La ministre espagnole a informé son homologue algérien que « cette opération interviendra ce jour ou demain (mercredi ou jeudi, ndlr) ». Pour rappel, l’Algérie et l’Espagne traversent une véritable crise suite à la décision du gouvernement espagnol de soutenir, à partir du mois de mars dernier, le plan marocain de l’autonomie du Sahara Occidental a changé la nature des relations algéro-espagnoles. L’Espagne a donc clairement choisi le camp du Maroc au détriment de l’Algérie. Elle vole au secours du Maroc qui a ainsi rompu l’isolement énergétique auquel il était soumis par l’Algérie depuis la fin octobre 2021, date de la fermeture du gazoduc Maghreb-Europe.

L’Algérie est en train de perdre la face dans ce conflit énergétique qu’elle avait déclenché pensant hâtivement qu’elle pourrait plier son adversaire géopolitique le Maroc en contraignant l’Espagne à dépendre uniquement d’un seul gazoduc, à savoir celui du Medgaz qui relie directement l’Algérie au territoire espagnol  sans passer par le voisin marocain. Cette option hasardeuse avait été critiquée par de nombreux experts internationaux et connaisseurs du secteur des hydrocarbures. A titre d’exemple, Francis Perrin, senior fellow au Policy Center For The New South (PCNS), avait prévenu dés la fin décembre 2021 que le Medgaz (Algérie/Méditerranée/Espagne) ne pourra pas satisfaire l’Espagne qui dispose de trois moyens pour garantir la sécurité énergétique : importer du GNL de l’Algérie, importer du gaz naturel d’autres fournisseurs, en particulier sous forme de GNL (la filière GNL offre beaucoup plus de flexibilité que la filière gazoduc); et/ou puiser dans ses stocks gaziers. Les deux dernières options ont été privilégiées par le gouvernement espagnol faisant ainsi perdre des parts de marchés importantes pour l’Algérie qui avait longtemps dominé outrageusement le marché espagnol du gaz naturel.
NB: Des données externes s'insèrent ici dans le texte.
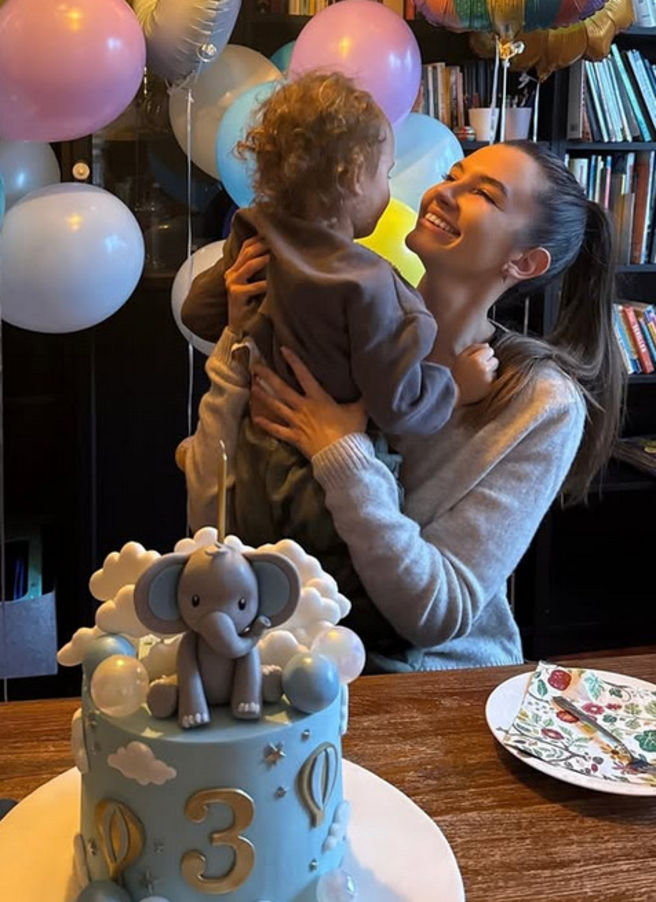 Leyla Lydia Tuğutlu ve oğlu Evren Deniz.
En Espagne, le journaliste espagnol Pedro Canales avait jugé aussi la décision de fermeture du Gazoduc Maghreb/Europe comme une « erreur stratégique » qui aura des « conséquences désastreuses » pour Alger. Dans un article publié par le magazine espagnol « Atalayar », le journaliste espagnol avait estimé qu’Alger « a commis deux erreurs stratégiques en l’espace de quelques mois. La première a été de rompre unilatéralement les relations diplomatiques avec le Maroc et la seconde est la fermeture du gazoduc Maghreb/Europe, qui acheminait 6 milliards de mètres cubes de gaz de Hassi R’Mel vers l’Espagne via le Maroc ». « Ces deux décisions ont été prises par le Haut Conseil de sécurité algérien, un organe militaire qui est passé du statut d’organe consultatif à celui d’organe exécutif, et auquel sont associés, sans droit de veto, le président de la république, les ministres de l’Intérieur et des Affaires étrangères, et les chefs de la sécurité », fait savoir M. Canales, ancien correspondant de plusieurs médias espagnols au Maghreb.
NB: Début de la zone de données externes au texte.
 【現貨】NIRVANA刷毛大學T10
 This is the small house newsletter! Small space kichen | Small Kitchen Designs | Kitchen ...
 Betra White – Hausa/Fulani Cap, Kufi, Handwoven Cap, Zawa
En dépit des positions, certes, favorables au Maroc de ce journaliste espagnol, il apparait évident à la lumière des nouvelles évolutions de ce dossier que la fermeture du gazoduc Maghreb-Europe s’est soldée par un échec cuisant pour le pouvoir algérien. Comme il a été expliqué précédemment dans un article d’Algérie Part, le président Abdelmadjid Tebboune a été induit gravement en erreur par des hauts responsables de Sonatrach qui lui ont fourni des rapports erronés sur les potentielles conséquences de la mise à mort de ce gazoduc du côté de l’Algérie. Aujourd’hui, le Palais Présidentiel d’El-Mouradia devra réclamer des comptes à ces artificiers de Sonatrach qui lui ont fourgué des analyses superficielles avec pour résultats des menaces dangereuses pour les intérêts stratégiques de notre pays.